La religieuse
Denis Diderot
Ed folio, Garnier Flammarion
Bien-sûr, ce récit est une fiction, puisque le témoignage de Sœur Ste Suzanne, alias, Suzanne Simonin, est destiné à être lu par un certain marquis de Croismare dans le but de l’attendrir et le faire revenir de Normandie afin d’égayer la bonne société parisienne.
Toutefois, comme le signale l’auteur de la
préface, Robert Mauzi, « que de patrimoines furent sauvés par une vocation
opportune ; et que d’enfants naturels refoulés dans le néant des cloîtres ! »
Cette pauvre Suzanne Simonin rassemble à elle seule, les deux conditions,
enfant naturel devant expier les fautes de sa mère, et bien gênante pour la
succession. En lisant les horreurs perpétrées par les sœurs de Longchamps, j’ai
été tentée de me dire qu’il ne s’agit que d’une fiction, et que Diderot ajoute du sensationnel
au témoignage de Suzanne, mais en fouillant un peu, on apprend que ce récit est
inspiré de l’histoire de Marguerite Delamarre, religieuse qui alimenta les conversations
vers 1750, et que Diderot a pu s’inspirer de sa propre sœur, entrée au couvent
et devenue folle.
Si je m’en tiens au roman sans trop me poser de question, je peux affirmer
que cette lecture m’a fait passer par des sentiments de pitié, de révolte, de
colère, de tristesse. La mère supérieure de Longchamp est un monstre. certes,
au XVIIIème siècle, on ne parle pas de psychologie, toutefois on était capable d’empathie
et de compassion.

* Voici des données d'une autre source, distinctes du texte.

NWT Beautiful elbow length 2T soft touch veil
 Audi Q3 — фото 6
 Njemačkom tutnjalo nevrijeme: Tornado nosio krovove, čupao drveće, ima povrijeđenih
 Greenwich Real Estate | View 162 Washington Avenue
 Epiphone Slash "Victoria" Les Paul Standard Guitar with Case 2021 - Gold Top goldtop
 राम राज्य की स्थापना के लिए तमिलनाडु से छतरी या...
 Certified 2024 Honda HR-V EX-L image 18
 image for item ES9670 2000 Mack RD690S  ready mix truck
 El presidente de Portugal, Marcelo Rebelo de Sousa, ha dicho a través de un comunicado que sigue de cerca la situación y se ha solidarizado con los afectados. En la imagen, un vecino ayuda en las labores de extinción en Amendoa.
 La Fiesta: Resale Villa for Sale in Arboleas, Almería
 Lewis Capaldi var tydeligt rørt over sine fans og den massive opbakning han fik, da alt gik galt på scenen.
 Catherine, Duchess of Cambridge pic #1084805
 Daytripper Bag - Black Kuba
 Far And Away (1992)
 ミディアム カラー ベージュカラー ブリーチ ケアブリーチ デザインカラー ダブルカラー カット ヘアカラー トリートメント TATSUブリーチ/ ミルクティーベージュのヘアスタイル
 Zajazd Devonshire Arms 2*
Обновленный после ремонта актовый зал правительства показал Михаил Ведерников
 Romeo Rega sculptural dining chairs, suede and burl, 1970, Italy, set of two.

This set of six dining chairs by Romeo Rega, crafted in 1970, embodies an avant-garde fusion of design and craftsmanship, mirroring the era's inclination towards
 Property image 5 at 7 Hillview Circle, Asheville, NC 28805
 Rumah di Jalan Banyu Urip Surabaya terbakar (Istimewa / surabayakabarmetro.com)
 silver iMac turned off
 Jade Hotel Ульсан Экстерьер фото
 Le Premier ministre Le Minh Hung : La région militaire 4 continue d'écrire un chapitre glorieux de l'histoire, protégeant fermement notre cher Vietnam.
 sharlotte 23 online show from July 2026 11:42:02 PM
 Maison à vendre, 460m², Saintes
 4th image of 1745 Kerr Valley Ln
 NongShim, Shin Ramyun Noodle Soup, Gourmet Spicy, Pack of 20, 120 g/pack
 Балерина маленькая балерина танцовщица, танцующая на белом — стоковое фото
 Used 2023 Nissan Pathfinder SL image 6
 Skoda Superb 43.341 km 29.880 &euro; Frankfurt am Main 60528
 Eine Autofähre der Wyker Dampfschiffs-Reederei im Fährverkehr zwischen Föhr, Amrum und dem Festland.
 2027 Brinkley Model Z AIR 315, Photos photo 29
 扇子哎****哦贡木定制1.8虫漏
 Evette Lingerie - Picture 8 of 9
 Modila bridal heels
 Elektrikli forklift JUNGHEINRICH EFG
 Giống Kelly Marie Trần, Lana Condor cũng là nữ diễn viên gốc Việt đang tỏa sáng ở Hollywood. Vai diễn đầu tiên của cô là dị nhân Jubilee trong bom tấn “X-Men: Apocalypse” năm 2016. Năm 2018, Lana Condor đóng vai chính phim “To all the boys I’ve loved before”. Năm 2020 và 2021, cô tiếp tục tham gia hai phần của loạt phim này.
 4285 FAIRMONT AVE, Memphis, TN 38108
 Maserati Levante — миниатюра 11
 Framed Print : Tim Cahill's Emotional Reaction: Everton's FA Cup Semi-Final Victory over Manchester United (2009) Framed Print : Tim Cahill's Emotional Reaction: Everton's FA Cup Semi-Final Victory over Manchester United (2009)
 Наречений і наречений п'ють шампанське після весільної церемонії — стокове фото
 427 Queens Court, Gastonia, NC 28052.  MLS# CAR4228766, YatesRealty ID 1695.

Rien n'excuse donc le comportement de tels tortionnaires. Le tort de Suzanne, ce fut de ne pas se sentir appelée au affaires religieuses pour
son plus grand malheur, car quel être humain est capable de résister aux
souffrances physiques et morales qu’elle se voit infliger ? De ce point de
vue, ce roman est marquant et ne peut laisser indemne.
Faut-il y voir des prémices de rébellion contre la religion ? La révolution française approche, les philosophes remettent en question le fait religieux et s’élèvent contre l’oppression générée par l’Eglise. Oppression plus qu’évidente dans le roman de Diderot, le couvent y devient un microcosme de l’Eglise, avec sa hiérarchie, les croyances quelle insinue, le contrôle des pensées des individus, l’austérité, l’abus de pouvoir lié à cette hiérarchie.
Le personnage de Suzanne est très intéressant, Jeune femme cultivée, intelligente,
certaine de son « non engagement », résolue à défendre ses idées
contre vents et marée, argumentant finement pour le plus grand plaisir du lecteur, résistante et parfois ingénue, elle constitue à elle
seule toute la trame du roman.
Ce récit, s’il peut parfois heurter la sensibilité d'un lecteur, n’en demeure
pas moins un roman incontournable bien qu’il ne soit pas toujours de lecture
facile, certaines tournures de phrases pouvant sembler ambiguës au gens du XXIème siècle que nous sommes, et
le vocabulaire propre au cloître et à la pratique religieuse difficile à
assimiler.
Je ne regrette pas ce moment de lecture édifiant renfermant d'intéressantes notions de philosophie ainsi que des dialogues très riches et intéressants.